→ **Work to complete**: Retype, without any change, the line that contains "Venta en Águila" and every line that follows it to the end of the entries, and nothing else.

→ **Data**:
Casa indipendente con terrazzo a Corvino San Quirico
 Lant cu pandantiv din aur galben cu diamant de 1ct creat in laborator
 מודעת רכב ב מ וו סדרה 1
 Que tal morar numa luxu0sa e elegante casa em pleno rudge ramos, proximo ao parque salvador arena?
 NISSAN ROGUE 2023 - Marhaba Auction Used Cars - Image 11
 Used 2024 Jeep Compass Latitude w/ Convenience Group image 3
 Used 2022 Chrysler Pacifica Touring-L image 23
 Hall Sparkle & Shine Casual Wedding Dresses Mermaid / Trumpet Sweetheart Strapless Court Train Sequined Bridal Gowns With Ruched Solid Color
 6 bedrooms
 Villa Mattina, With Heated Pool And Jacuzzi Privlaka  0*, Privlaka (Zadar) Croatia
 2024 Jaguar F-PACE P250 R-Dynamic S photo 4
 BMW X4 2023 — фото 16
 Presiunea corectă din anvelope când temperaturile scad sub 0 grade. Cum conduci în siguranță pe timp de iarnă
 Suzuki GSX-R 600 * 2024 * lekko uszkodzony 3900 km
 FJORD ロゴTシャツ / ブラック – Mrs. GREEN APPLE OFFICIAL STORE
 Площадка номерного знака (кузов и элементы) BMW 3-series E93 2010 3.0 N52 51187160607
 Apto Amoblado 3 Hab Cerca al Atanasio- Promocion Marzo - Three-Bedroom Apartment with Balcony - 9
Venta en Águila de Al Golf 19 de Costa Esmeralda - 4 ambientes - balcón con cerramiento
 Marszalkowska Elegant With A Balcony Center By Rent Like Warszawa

→ **Output**:
Venta en Águila de Al Golf 19 de Costa Esmeralda - 4 ambientes - balcón con cerramiento
 Marszalkowska Elegant With A Balcony Center By Rent Like Warszawa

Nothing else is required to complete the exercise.